Graph Retrieval-Augmented Generation (GraphRAG) has shown great effectiveness in enhancing the reasoning abilities of LLMs by leveraging graph structures for knowledge representation and modeling complex real-world relationships. However, existing GraphRAG methods still face significant bottlenecks when handling complex problems that require multi-hop reasoning, as their query and retrieval phases are largely based on pre-defined heuristics and do not fully utilize the reasoning potentials of LLMs. To address this problem, we propose GraphRAG-R1, an adaptive GraphRAG framework by training LLMs with process-constrained outcome-based reinforcement learning (RL) to enhance the multi-hop reasoning ability. Our method can decompose complex problems, autonomously invoke retrieval tools to acquire necessary information, and perform effective reasoning. Specifically, we utilize a modified version of Group Relative Policy Optimization (GRPO) that supports rollout-with-thinking capability. Next, we design two process-constrained reward functions. To handle the shallow retrieval problem, we design a Progressive Retrieval Attenuation (PRA) reward to encourage essential retrievals. Then, to handle the over-thinking problem, we design Cost-Aware F1 (CAF) reward to balance the model performance with computational costs. We further design a phase-dependent training strategy, containing three training stages corresponding to cold start and these two rewards. Lastly, our method adopts a hybrid graph-textual retrieval to improve the reasoning capacity. Extensive experimental results demonstrate that GraphRAG-R1 boosts LLM capabilities in solving complex reasoning problems compared to state-of-the-art GraphRAG methods on both in-domain and out-of-domain datasets.

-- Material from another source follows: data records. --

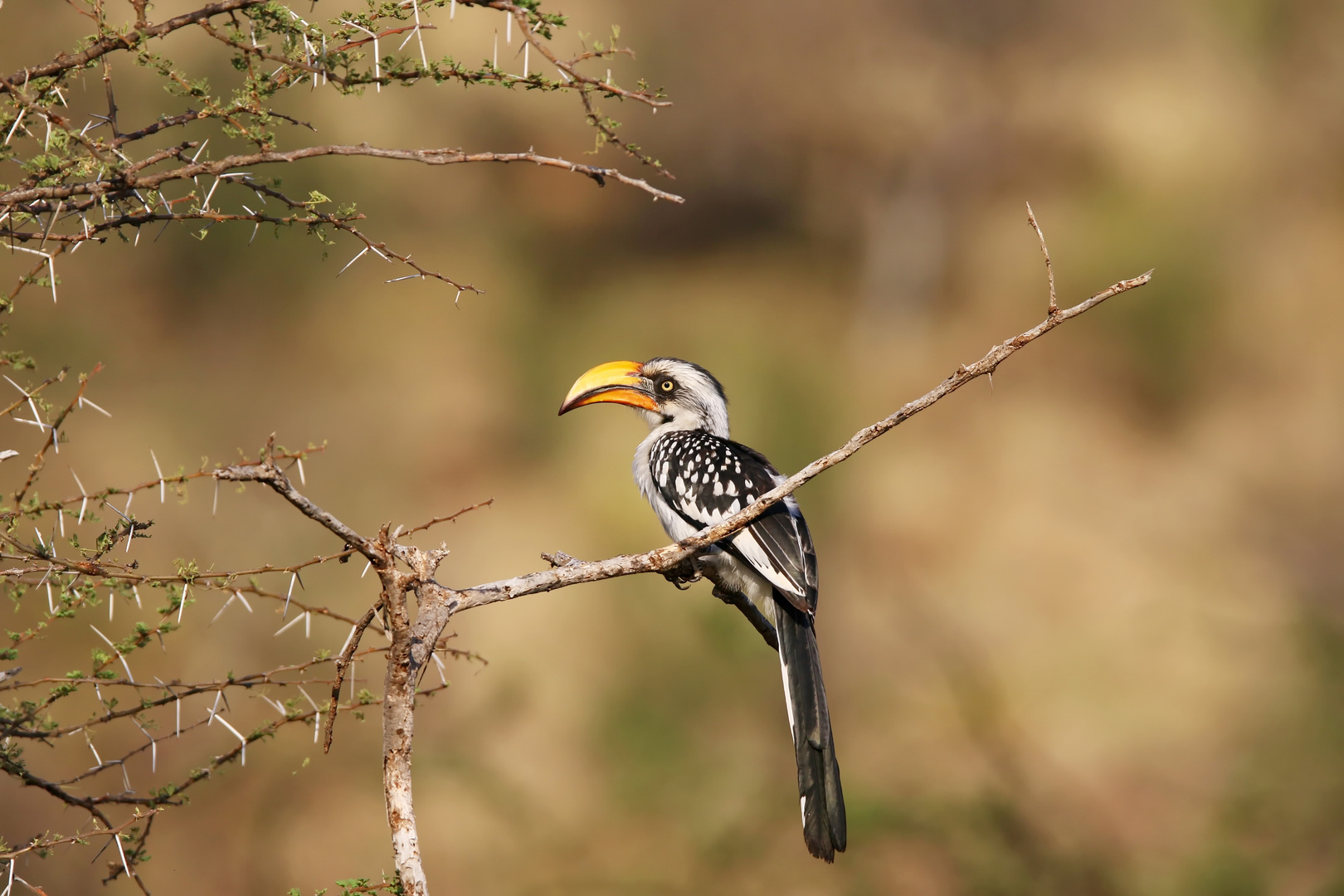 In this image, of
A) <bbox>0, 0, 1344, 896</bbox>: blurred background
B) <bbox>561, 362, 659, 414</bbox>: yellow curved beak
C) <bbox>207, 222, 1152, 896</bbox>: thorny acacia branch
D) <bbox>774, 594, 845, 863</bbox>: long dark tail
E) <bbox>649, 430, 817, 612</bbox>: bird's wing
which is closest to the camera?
<bbox>207, 222, 1152, 896</bbox>: thorny acacia branch

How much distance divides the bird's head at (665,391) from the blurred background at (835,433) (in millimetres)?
5404

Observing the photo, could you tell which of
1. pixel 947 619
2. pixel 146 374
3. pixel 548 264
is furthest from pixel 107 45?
pixel 947 619

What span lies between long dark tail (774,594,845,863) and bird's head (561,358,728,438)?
1.43 m

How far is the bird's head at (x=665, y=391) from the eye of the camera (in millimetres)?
4676

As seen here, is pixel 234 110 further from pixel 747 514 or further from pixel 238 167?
pixel 747 514

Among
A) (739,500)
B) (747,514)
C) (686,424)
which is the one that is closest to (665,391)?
(686,424)

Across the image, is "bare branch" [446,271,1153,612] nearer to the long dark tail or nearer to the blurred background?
the long dark tail

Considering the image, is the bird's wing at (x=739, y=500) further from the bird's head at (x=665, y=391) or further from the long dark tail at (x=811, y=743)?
the bird's head at (x=665, y=391)

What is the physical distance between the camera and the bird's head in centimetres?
468

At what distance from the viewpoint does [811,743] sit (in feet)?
10.4

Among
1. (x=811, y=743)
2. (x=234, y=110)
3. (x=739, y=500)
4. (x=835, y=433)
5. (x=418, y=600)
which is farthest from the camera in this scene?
(x=835, y=433)

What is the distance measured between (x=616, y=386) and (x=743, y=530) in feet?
4.60

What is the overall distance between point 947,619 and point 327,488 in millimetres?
6887

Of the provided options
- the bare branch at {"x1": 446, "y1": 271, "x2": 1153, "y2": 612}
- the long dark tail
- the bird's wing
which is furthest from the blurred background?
the bare branch at {"x1": 446, "y1": 271, "x2": 1153, "y2": 612} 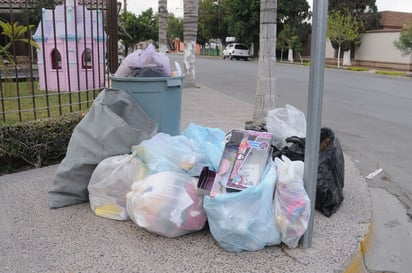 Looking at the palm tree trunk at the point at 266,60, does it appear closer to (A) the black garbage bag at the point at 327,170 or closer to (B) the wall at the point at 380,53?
(A) the black garbage bag at the point at 327,170

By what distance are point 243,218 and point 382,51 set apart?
1299 inches

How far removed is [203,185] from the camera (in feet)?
10.9

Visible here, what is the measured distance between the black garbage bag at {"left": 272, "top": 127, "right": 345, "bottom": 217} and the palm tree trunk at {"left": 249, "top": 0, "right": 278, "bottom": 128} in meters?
2.43

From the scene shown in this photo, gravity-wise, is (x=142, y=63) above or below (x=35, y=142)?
above

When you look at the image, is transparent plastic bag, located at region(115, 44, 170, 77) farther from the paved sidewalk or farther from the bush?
the paved sidewalk

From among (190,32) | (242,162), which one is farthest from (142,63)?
(190,32)

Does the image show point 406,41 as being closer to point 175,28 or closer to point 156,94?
point 156,94

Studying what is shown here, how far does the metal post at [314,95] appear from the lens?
9.47 ft

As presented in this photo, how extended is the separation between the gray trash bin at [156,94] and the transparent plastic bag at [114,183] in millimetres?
765

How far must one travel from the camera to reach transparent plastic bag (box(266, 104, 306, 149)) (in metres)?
4.47

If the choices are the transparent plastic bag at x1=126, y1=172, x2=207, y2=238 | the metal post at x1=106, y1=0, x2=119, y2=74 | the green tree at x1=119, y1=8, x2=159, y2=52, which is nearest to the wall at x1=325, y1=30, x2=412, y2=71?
the green tree at x1=119, y1=8, x2=159, y2=52

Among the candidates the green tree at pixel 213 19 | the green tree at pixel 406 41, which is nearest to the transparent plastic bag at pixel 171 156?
the green tree at pixel 406 41

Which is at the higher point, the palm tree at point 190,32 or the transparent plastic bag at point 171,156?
the palm tree at point 190,32

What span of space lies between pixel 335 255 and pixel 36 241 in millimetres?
2186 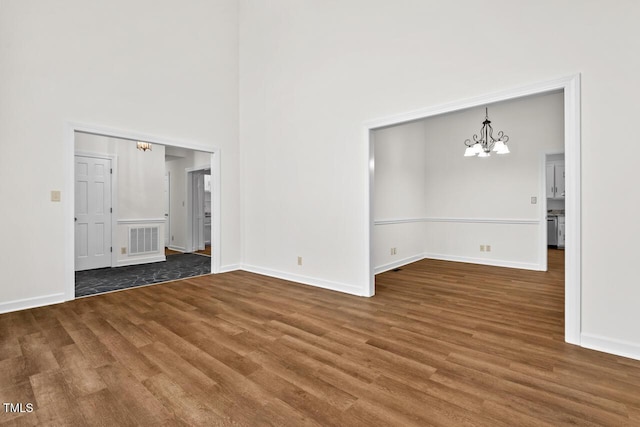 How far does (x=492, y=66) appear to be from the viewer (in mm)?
2777

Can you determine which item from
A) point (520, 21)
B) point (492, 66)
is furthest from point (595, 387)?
point (520, 21)

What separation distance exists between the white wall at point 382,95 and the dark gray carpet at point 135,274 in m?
1.21

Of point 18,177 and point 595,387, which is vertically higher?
point 18,177

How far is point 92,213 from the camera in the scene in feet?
18.0

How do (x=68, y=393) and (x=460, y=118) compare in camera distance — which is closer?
(x=68, y=393)

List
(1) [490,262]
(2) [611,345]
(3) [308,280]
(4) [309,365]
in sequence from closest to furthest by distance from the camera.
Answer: (4) [309,365] → (2) [611,345] → (3) [308,280] → (1) [490,262]

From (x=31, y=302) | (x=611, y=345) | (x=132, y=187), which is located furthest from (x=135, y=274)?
(x=611, y=345)

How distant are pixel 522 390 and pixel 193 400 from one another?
6.14ft

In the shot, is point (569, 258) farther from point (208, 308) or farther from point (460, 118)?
point (460, 118)

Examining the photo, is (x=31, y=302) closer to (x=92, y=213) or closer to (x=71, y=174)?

Furthermore, our framework can be flexibly integrated with various existing retrieval methods, consistently delivering performance improvements.

Paper Structure

This paper contains 34 sections, 7 equations, 4 figures, 10 tables.

Figures (4)

  • Figure 1: An example of comparing using only LLMs, GraphRAG, and GraphRAG-R1 in answering complex problems: (a) The LLM (Qwen2.5-7B) directly produces an output, but the answer is incorrect, (b) HippoRAG2 gutierrez2025hipporag2 enhances the LLM (Qwen2.5-7B) by retrieving external knowledge, but fail to generate correct outputs for complex problem, (c) our method successfully decomposes the problem and autonomously invokes retrieval methods, producing the correct output.
  • Figure 2: An overview of GraphRAG-R1 : (a) the rollout retrieval enhanced GRPO as the training strategy of LLM, (b) process-constrained reward designs, containing PRA and CAF rewards and the phase-dependent training strategy, (c) the hybrid graph-textual retrieval, which is more informative than text fragments.
  • Figure 3: A comparison of different retrieval formats. Left: the F1 score comparison. Right: the token cost for testing.
  • Figure 4: Sensitivity analysis of key hyperparameters in GraphRAG-R1. Subfigures (a)-(d) illustrate the variation in F1 score on the four validation sets as the key hyperparameters are varied within specified ranges. Other hyperparameters were fixed at their main experiment values. The gray dashed lines indicate the parameter values selected for the main experiments.